Here, though not disclosed in detail in Patent Document 1, the clutch lift characteristic relative to the shift spindle angle on the shift-up side varies at a comparatively gentle gradient and, in addition, the three stages of the clutch capacity can be set on the basis of each clutch lift amount of a predetermined width. Therefore, even in the presence of variability regarding tolerance of the clutch or the shift spindle or the like, the shift spindle angle corresponding to a target partial clutch engagement capacity (for example, the higher intermediate capacity) can be set comparatively easily. Besides, it is also comparatively easy to adjust the shift spindle position to the target partial clutch engagement capacity.
In addition, although also not disclosed in detail in Patent Document 1, the clutch lift characteristic relative to the shift spindle angle on the shift-down side is set to rise early and increase at a steep gradient. Where there is variability regarding tolerance of the components, therefore, it is difficult to set the shift spindle angle in conformity with a target partial clutch engagement capacity (for example, the higher intermediate capacity). Besides, it is also comparatively difficult to adjust the shift spindle position to the target partial clutch engagement capacity. In the present application, the rotary angle of the shift spindle at which the clutch capacity is switched over to partial clutch engagement on the shift-down side is defined as “touch point.”
If the touch point can be learned, it can be applied to the AMT system; for example, it becomes possible to use an intermediate clutch capacity in shift control on the shift-down side as well, or to determine whether or not the clutch position has been regulated by the user or the like.

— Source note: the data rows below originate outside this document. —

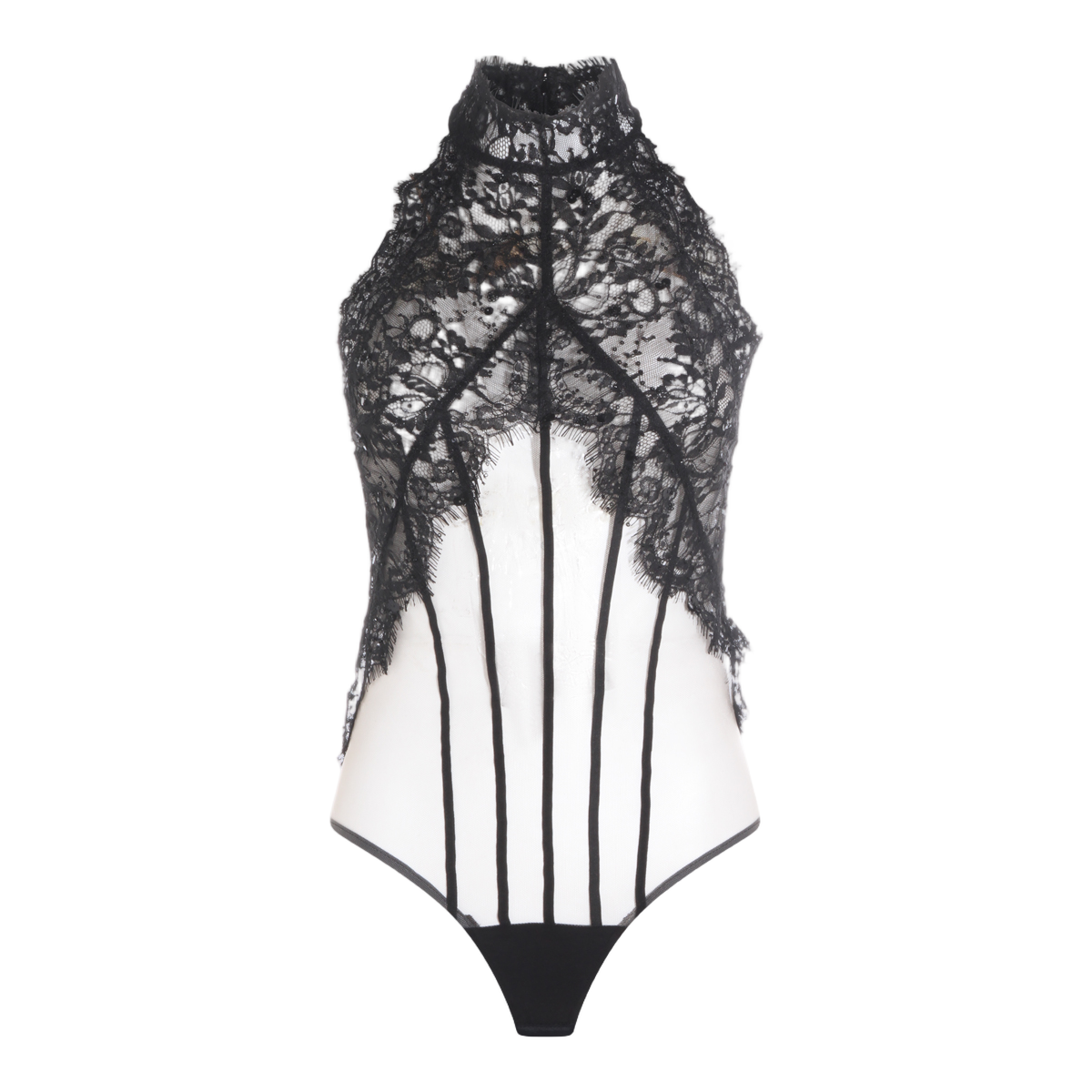 Nissa Sheer Bodysuit with Intricate Lace Detailing Grijs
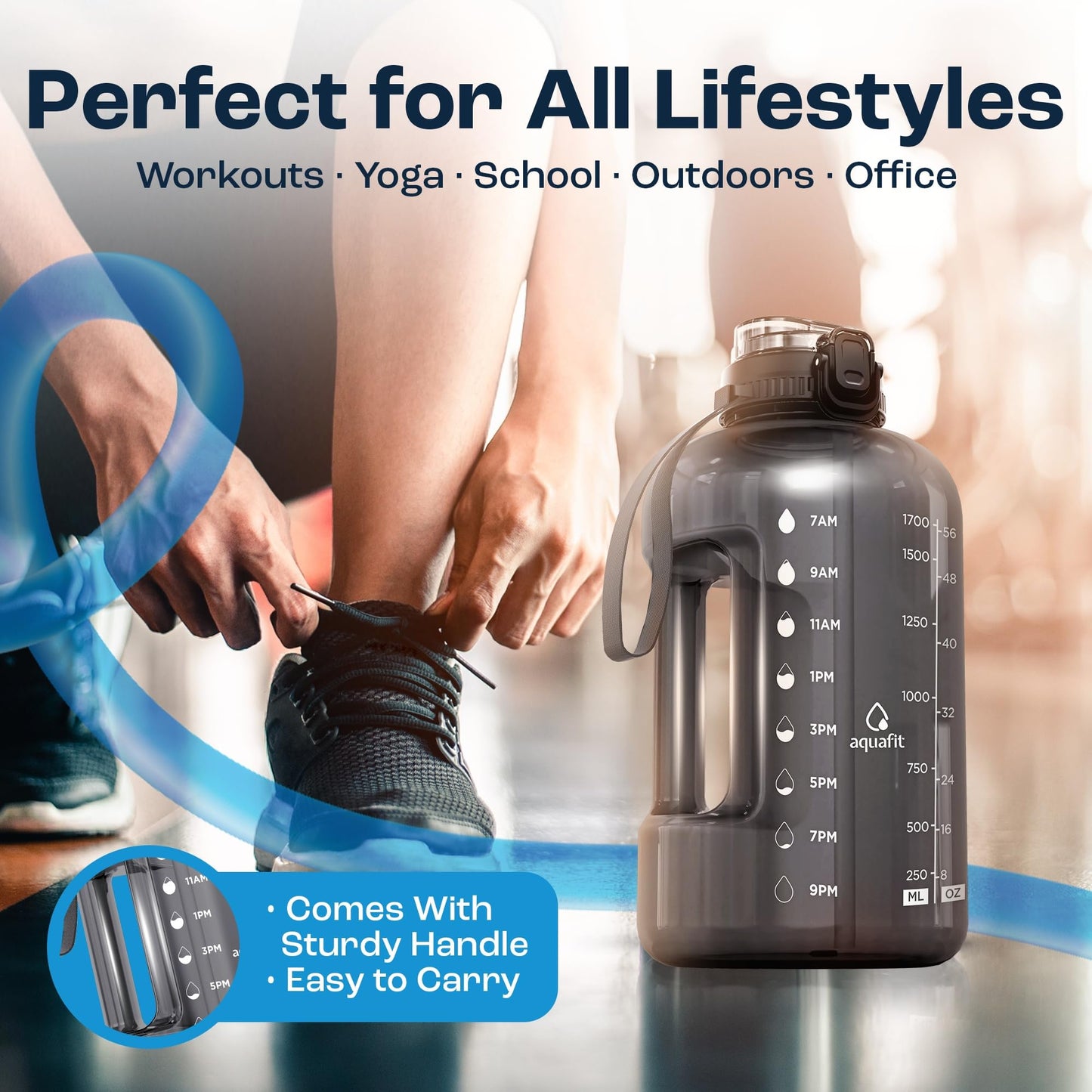 AQUAFIT 1 Gallon Water Bottle with Time Marker - Straw & Chug Lid - BPA Free Gym Water Bottle with Straw - Big Gallon Jug (Gray, 128 oz - 2 Lids) - My Store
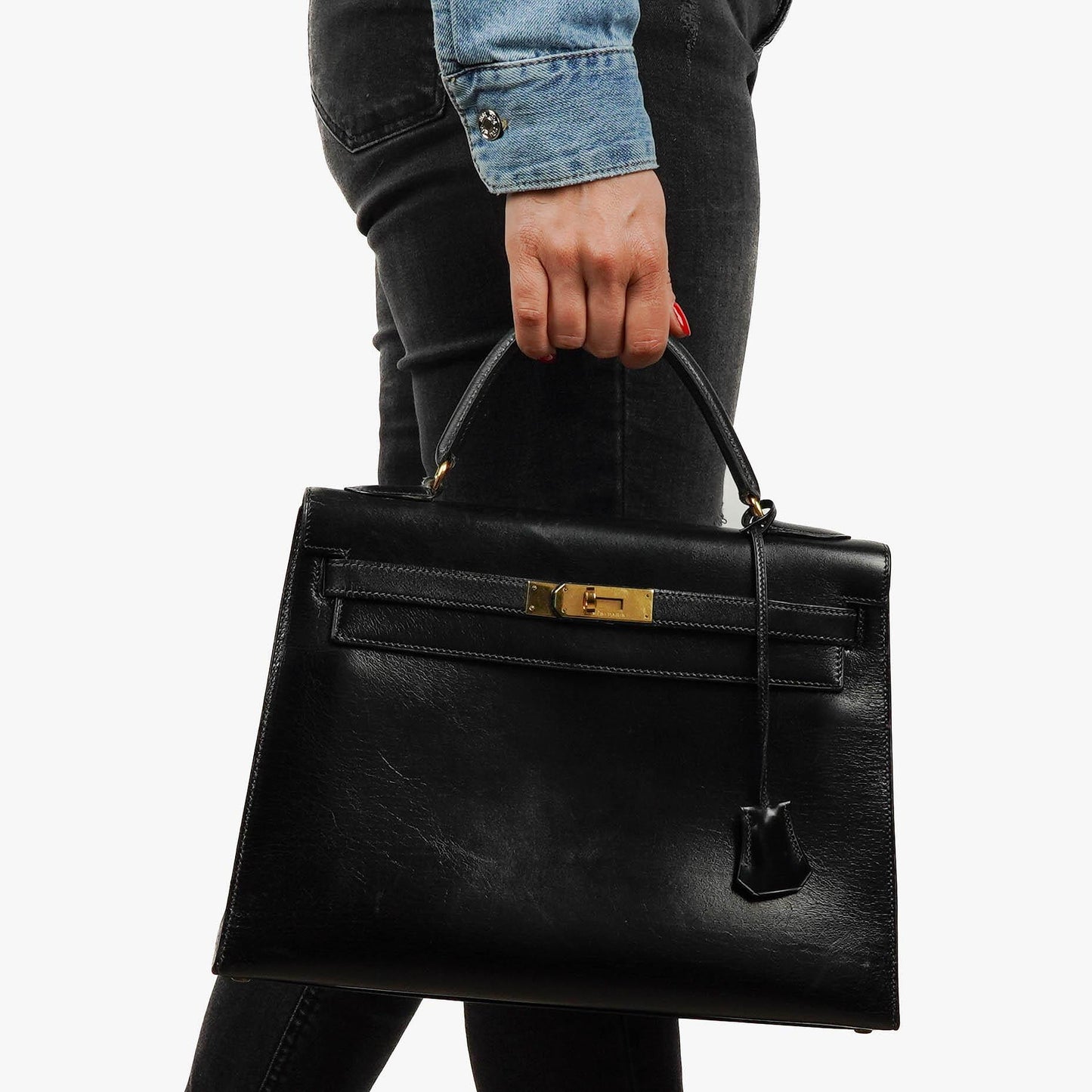 Hermes Kelly 32 Sellier Vintage Box Kalbsleder Schwarz mit Gold Hardware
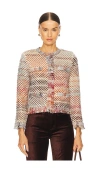 Veronica Beard Sariyah Knit Jacket In Red Multi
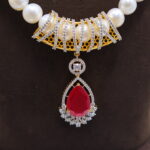 Royal and Ruby CZ Pendant Pearl Necklace - Image 3
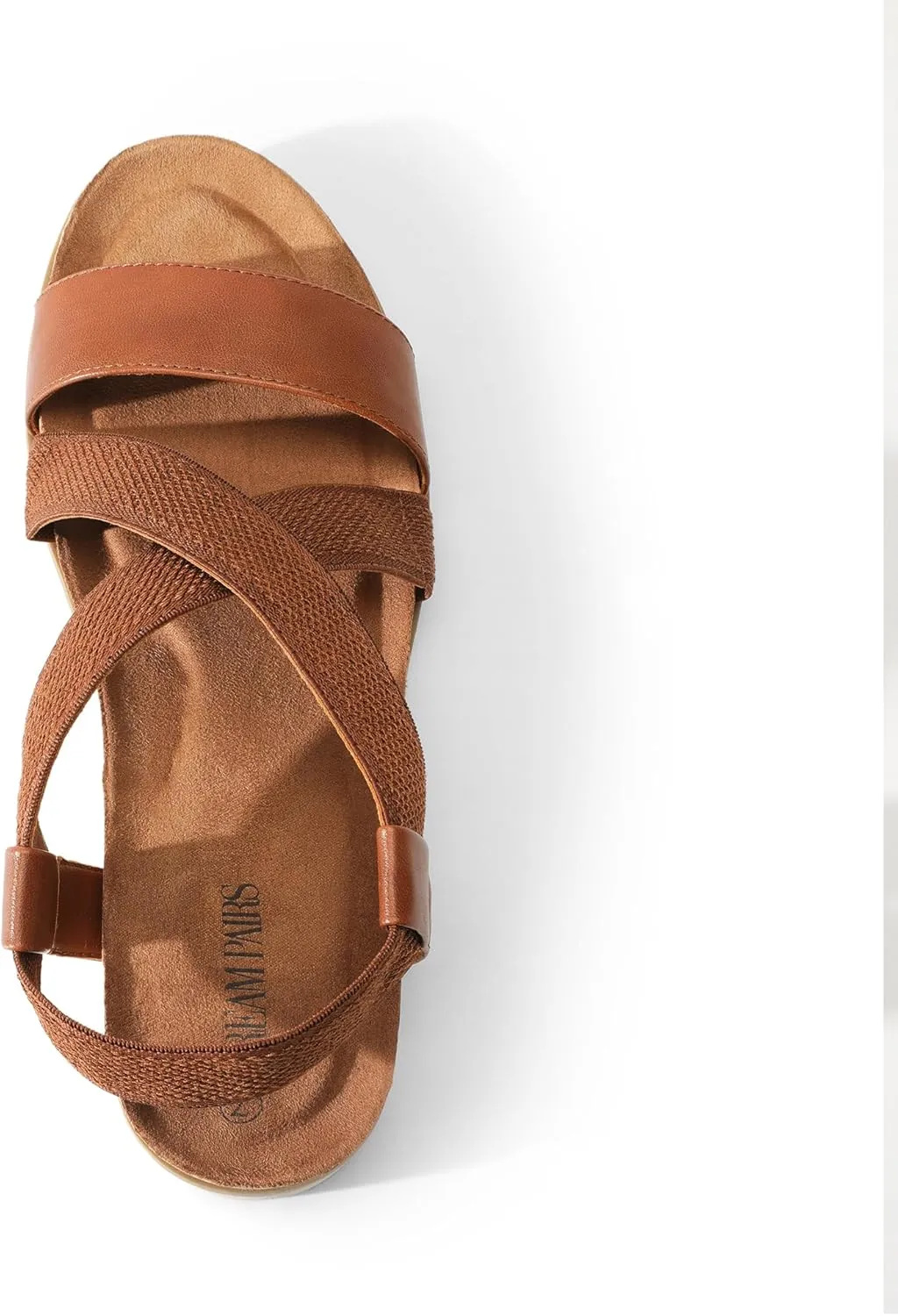 DREAM PAIRS Women's Comfortable Low Wedge Sandals, Open Toe Slip On Strappy Flat Sandals Light-weight Summer Shoes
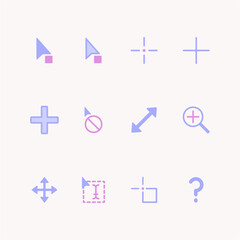 Mouse click cursor set. Hand Cursor. Click icon. Mouse pointer set. Arrow cursor. Vector illustration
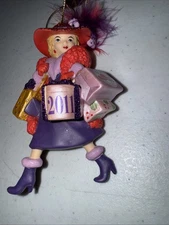Red Hat Society Christmas Tree Ornament 2011 Lady Shopping 4" Red and Purple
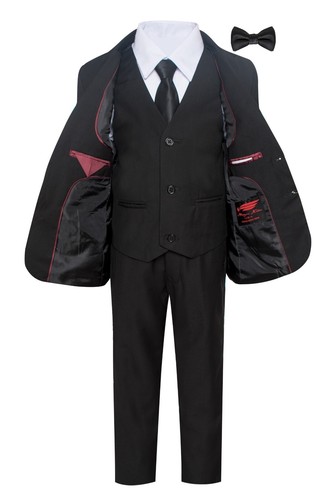 Magen Kids Boys SLIM FIT Formal Bridal 7 Pcs Set Suit Size 1-18 Black 2 Buttons - Picture 10 of 10
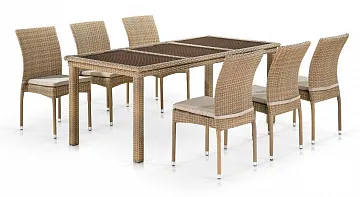 Комплект плетеной мебели T365/Y380B-W65 Light Brown (6+1)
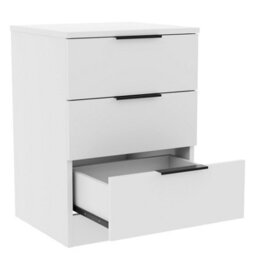 Lassic Vida Designs Trega White 3 Drawer Bedside Chest Ideal For Bedroom & Guest Room, (H) 500 X (W) 390 X (D) 280 mm - thumbnail 8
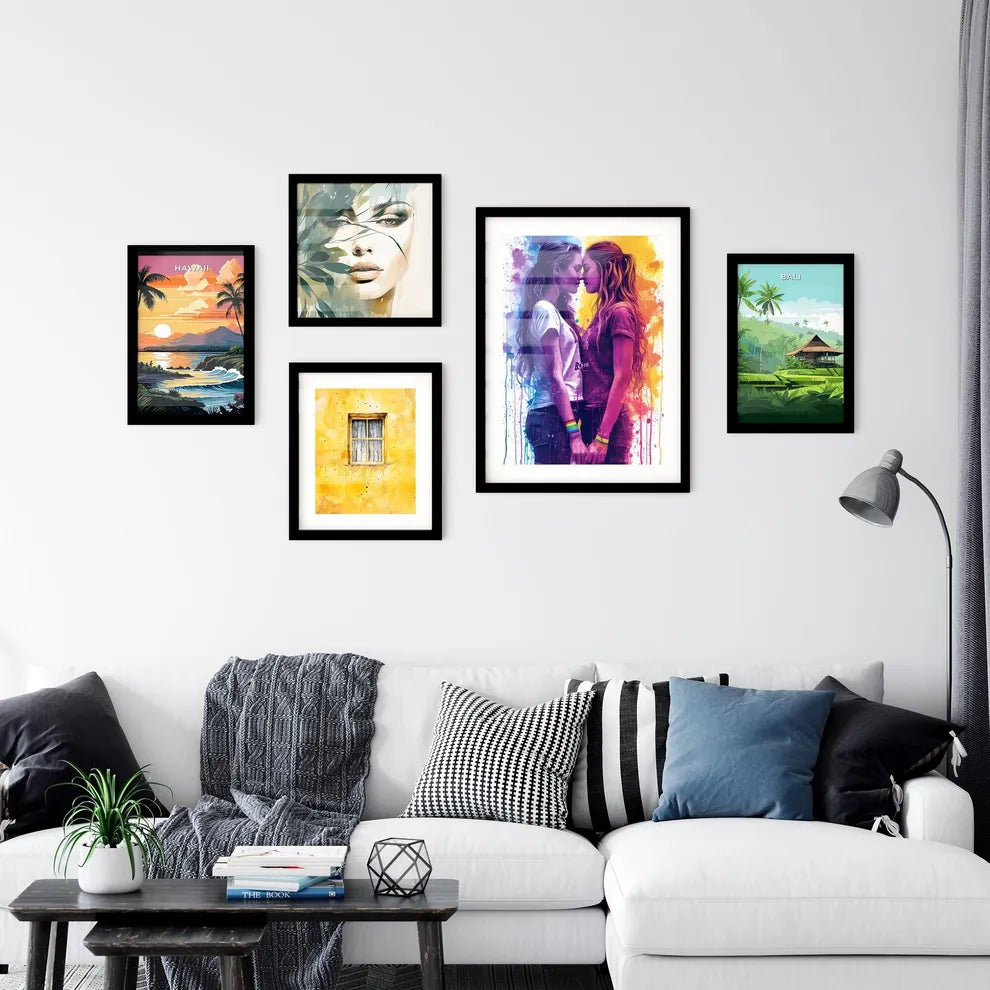 LGBT couple Born To Love illustration - Art Wall Art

In another conventional example, a touch point learning method has been disclosed (see, for example, Patent Document 2). In Patent Document 2, there is disclosed a control for learning a touch point of a clutch by examining variations in the rotary speed of a main shaft while engaging and disengaging the clutch during when the engine is operating and the gear position is at neutral, as in the flow shown in FIG. 5 of the document.